Get your gardening chores and irrigation done early in the day before temperatures rise.

* Plant, plant, plant! It’s prime planting season in the Sacramento area. Time to set out those tomato transplants along with peppers and eggplants. Pinch off any flowers on new transplants to make them concentrate on establishing roots instead of setting premature fruit.

* Direct-seed melons, cucumbers, summer squash, corn, radishes, pumpkins and annual herbs such as basil.

* Harvest cabbage, lettuce, peas and green onions. This heat will cause leafy greens and onions to flower; pick them before they bolt.

* In the flower garden, direct-seed sunflowers, cosmos, salvia, zinnias, marigolds, celosia and asters.

* Plant dahlia tubers. Other perennials to set out include verbena, coreopsis, coneflower and astilbe.

* Transplant petunias, marigolds and perennial flowers such as astilbe, columbine, coneflowers, coreopsis, dahlias, rudbeckia and verbena.

* Keep an eye out for slugs, snails, earwigs and aphids that want to dine on tender new growth.

* Feed summer bloomers with a balanced fertilizer.

* For continued bloom, cut off spent flowers on roses as well as other flowering plants.

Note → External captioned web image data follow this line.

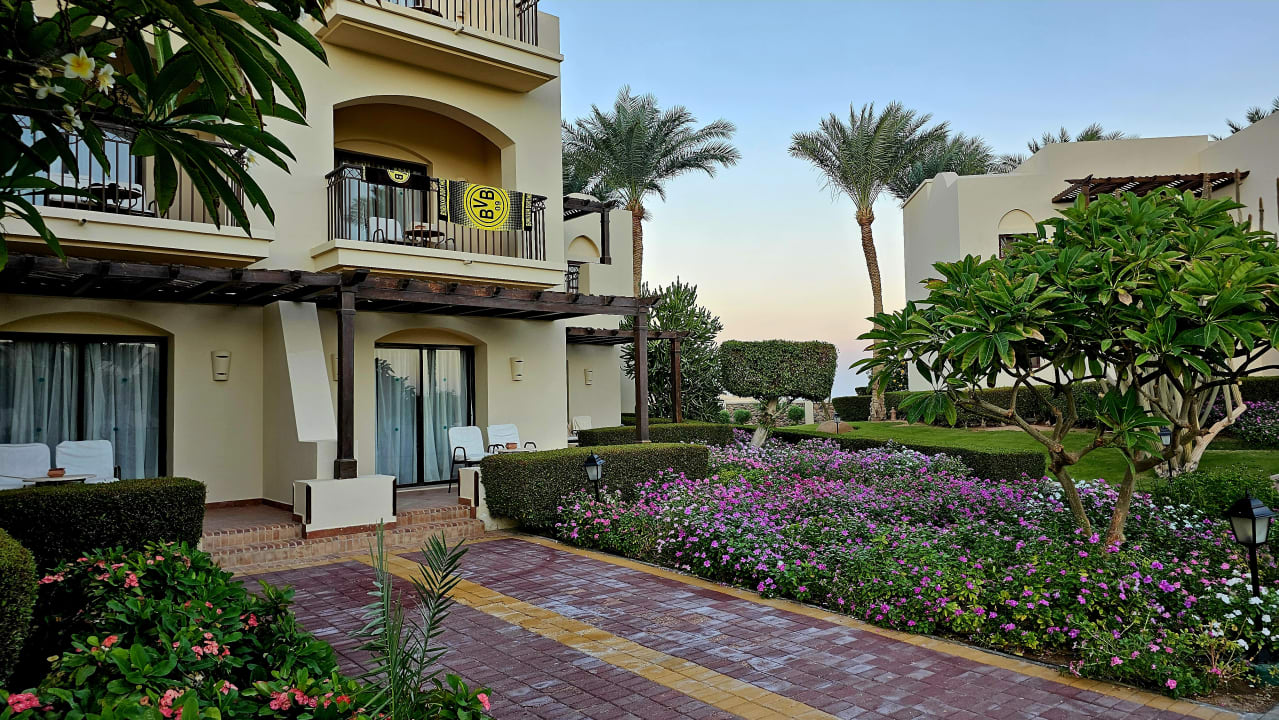 Außenansicht JAZ Belvedere Resort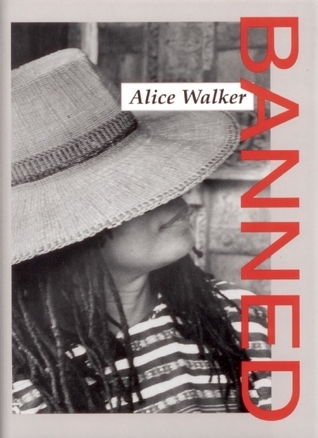 Alice Walker Banned book cover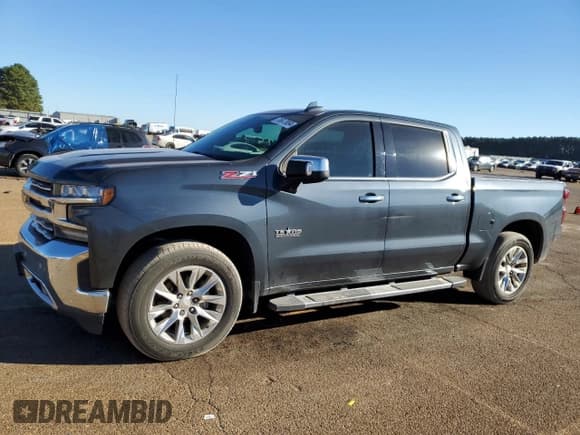 ✅ 2019 Chevrolet Silverado 1500 LTZ • VIN: 1GCUYGED6KZ171512 • Lot: 76617654. Wystawiony na Copart z przebiegiem 114 063 mil. Bezpłatny archiwum sprzedaży aukcyjnych z USA i szczegółowy raport historii pojazdu na DreamBid. Zdjęcie 1.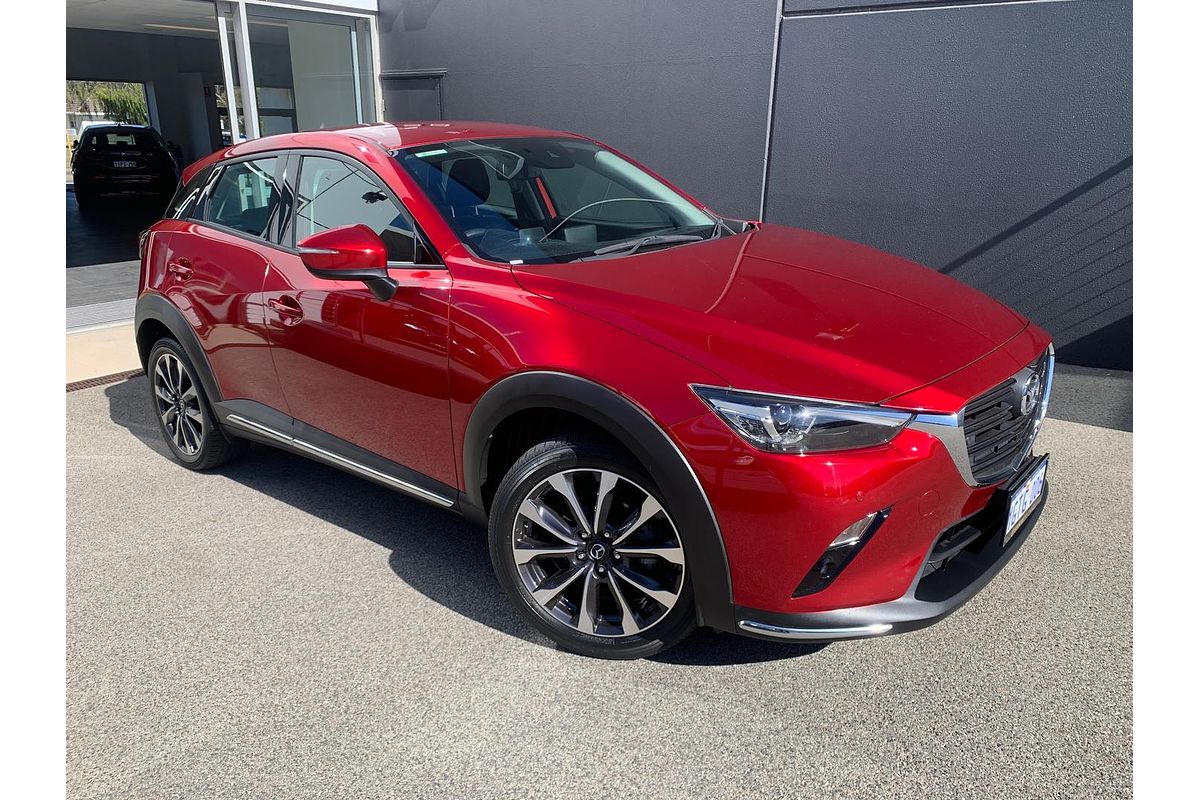 2019 Mazda CX-3 sTouring DK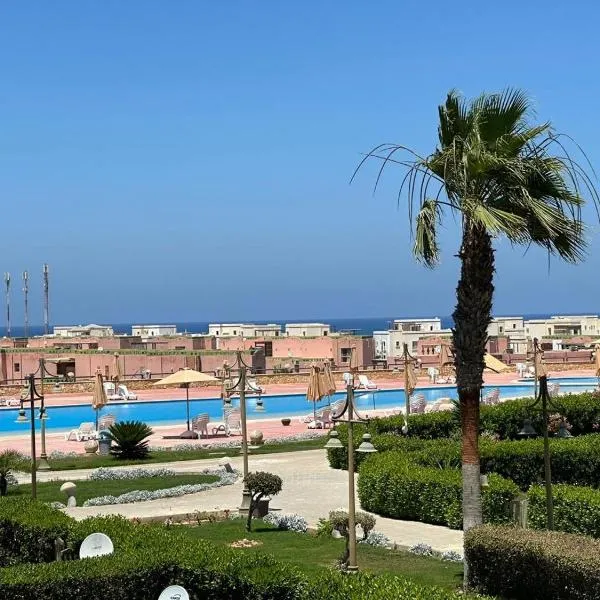 بلومار Blumar, hotell i El Alamein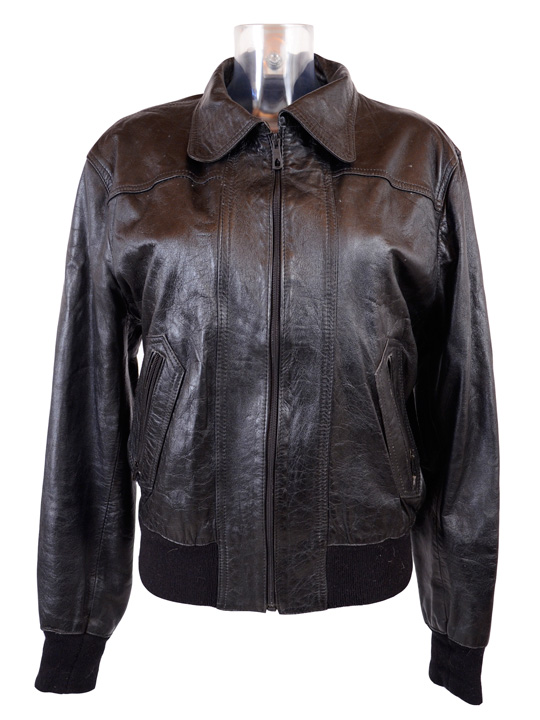 Wholesale Vintage Clothing 70s Men leather jackets
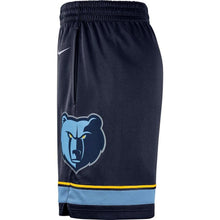 Load image into Gallery viewer, Memphis Grizzlies Nike Icon Swingman Shorts - Mens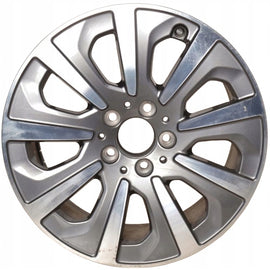 1x Alufelge 17 Zoll 8.0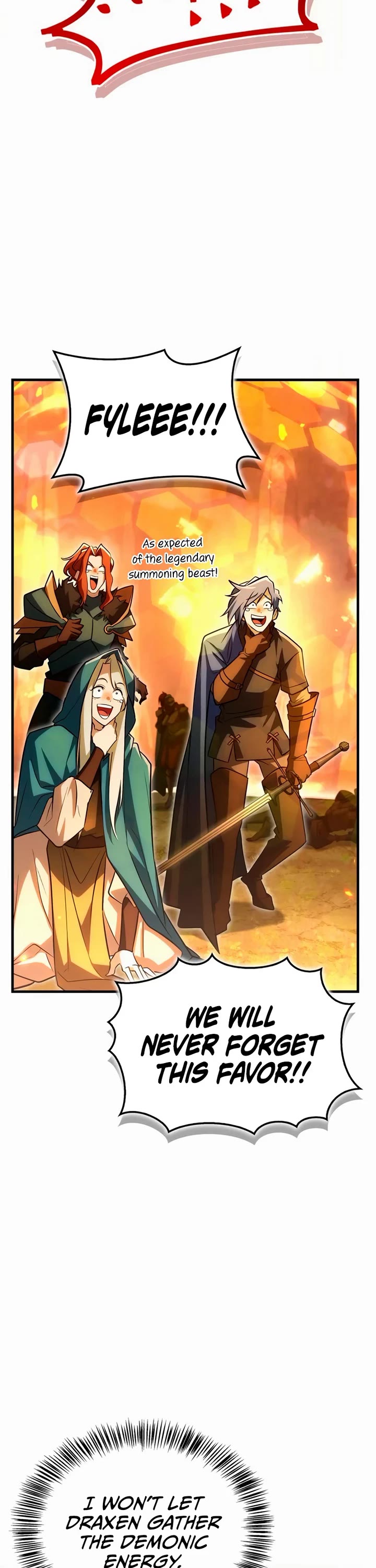 The Demon King Overrun by Heroes chapter 22 page 66
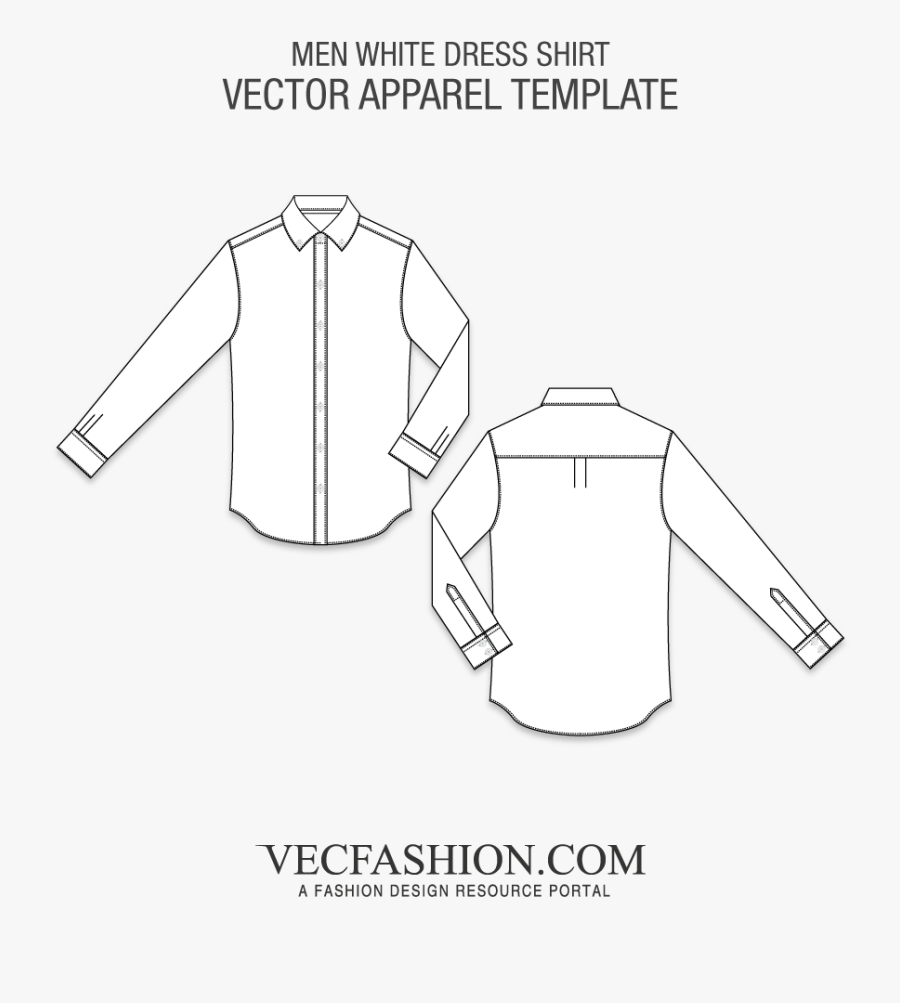 Polo Shirt Template Women, Transparent Clipart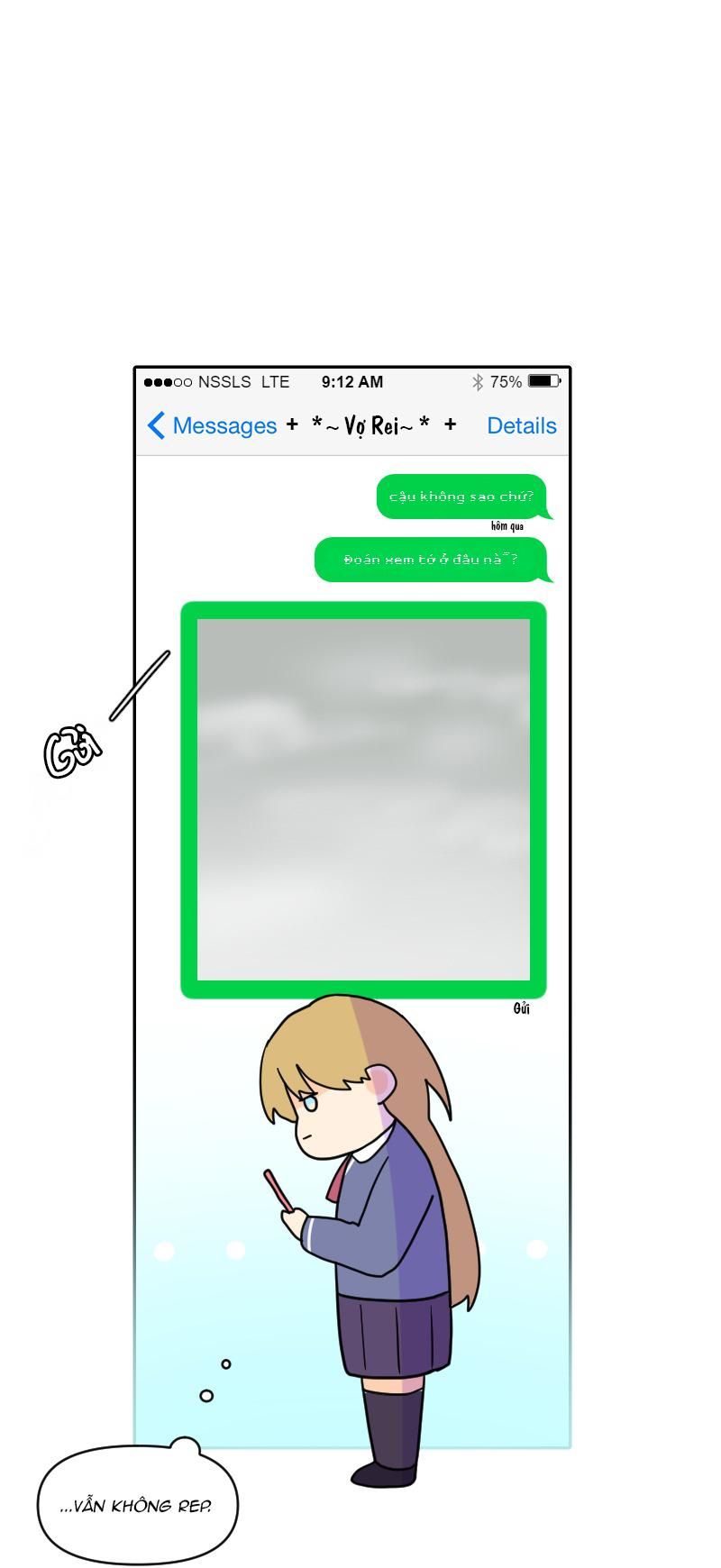 Truyện Ngôn Nhưng Không Ngôn Lắm Chap 55 - Next Chap 56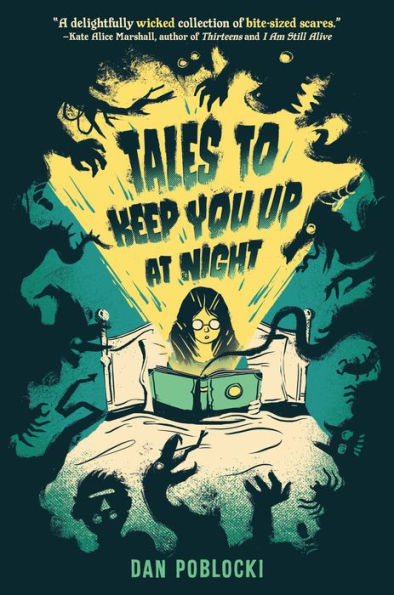 Tales To Keep You Up At Night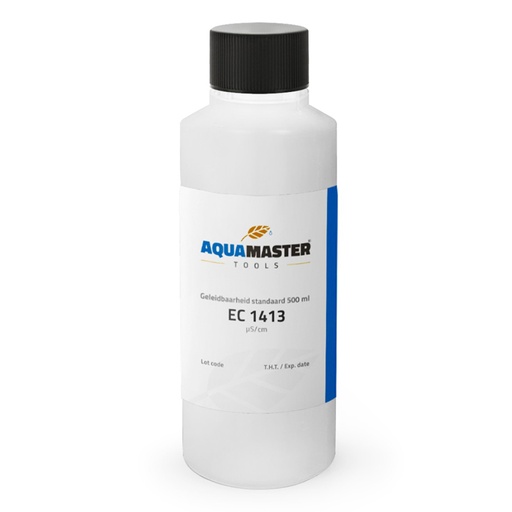 [AMT1301] Aqua Master Tools Calibration Solution EC 1413 500ml (8pcs/Case)
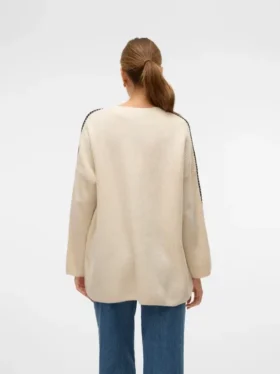 Cardigan en tricot Vmzora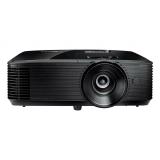 Optoma - H190X Proyector de alcance estándar 3900 lúmenes ANSI DLP WXGA (1280x800) 3D Negro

* Got fruit trees? If you haven't already done so, thin orchard fruit such as apples, peaches, pears, pluots and plums before they grow too heavy, breaking branches or even splitting the tree. Leave the largest fruit on the branch, culling the smaller ones, and allow for 5 to 6 inches (or a hand's worth) between each fruit.

* Thin grape bunches, again leaving about 6 inches between them. For the remaining bunches, prune off the "tail" end, about the bottom third of the bunch, so that the plant's energy is concentrated in the fruit closest to the branch.

* As spring-flowering shrubs finish blooming, give them a little pruning to shape them, removing old and dead wood. Lightly trim azaleas, fuchsias and marguerites for bushier plants.

* Add mulch to the garden to help keep that precious water from evaporating. Mulch also cuts down on weeds. But don’t let it mound around the stems or trunks of trees or shrubs. Leave about a 6-inch to 1-foot circle to avoid crown rot or other problems.